Split your ip addresses into a multi-value field, gather then up and sum your counts by guid, then join the ip addresses up again into a single string
| eval ip=split(ip,", ")
| stats values(ip) as ip sum(count) as count by guid
| eval ip=mvjoin(ip,", ")
Split your ip addresses into a multi-value field, gather then up and sum your counts by guid, then join the ip addresses up again into a single string
| eval ip=split(ip,", ")
| stats values(ip) as ip sum(count) as count by guid
| eval ip=mvjoin(ip,", ")
This said, I have a suspicion that the "big query" itself uses stats to get that "ip1, ip2, ip3" pattern. If so, you should examine that "big query" and do proper stats from there.
Unfortunately the IPAddresses are logged in that manner (2 addresses with a comma) in the applications themselves. My query didn't combine them like that.
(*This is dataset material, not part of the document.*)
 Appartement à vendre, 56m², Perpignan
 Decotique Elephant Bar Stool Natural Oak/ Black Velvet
That said, I ended up figuring it out. Used this.
prequery
| stats count(Customer) as CustomerRequests values(IPAddresses) as IPAddresses by Customer
| eval IPAddresses = mvjoin(IPAddresses, ",")
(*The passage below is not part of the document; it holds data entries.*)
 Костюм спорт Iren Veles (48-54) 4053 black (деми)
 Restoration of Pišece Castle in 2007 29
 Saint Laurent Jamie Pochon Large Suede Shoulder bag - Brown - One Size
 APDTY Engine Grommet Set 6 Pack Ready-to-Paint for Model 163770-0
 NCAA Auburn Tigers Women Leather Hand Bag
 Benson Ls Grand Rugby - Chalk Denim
| table Customer, CustomerRequests, IPAddresses
| sort -CustomerRequests
This produced the desired output of
Customer | Requests | IPAddresses |
<guid here> | 1000 | 192.168.0.1,192.168.0.2,192.168.0.3,192.168.0.4,...etc |
If your ip addresses appear in more than one list, they get duplicated unless you do the split as I suggested.
oh good point! I hadn't noticed that possibility. Thanks!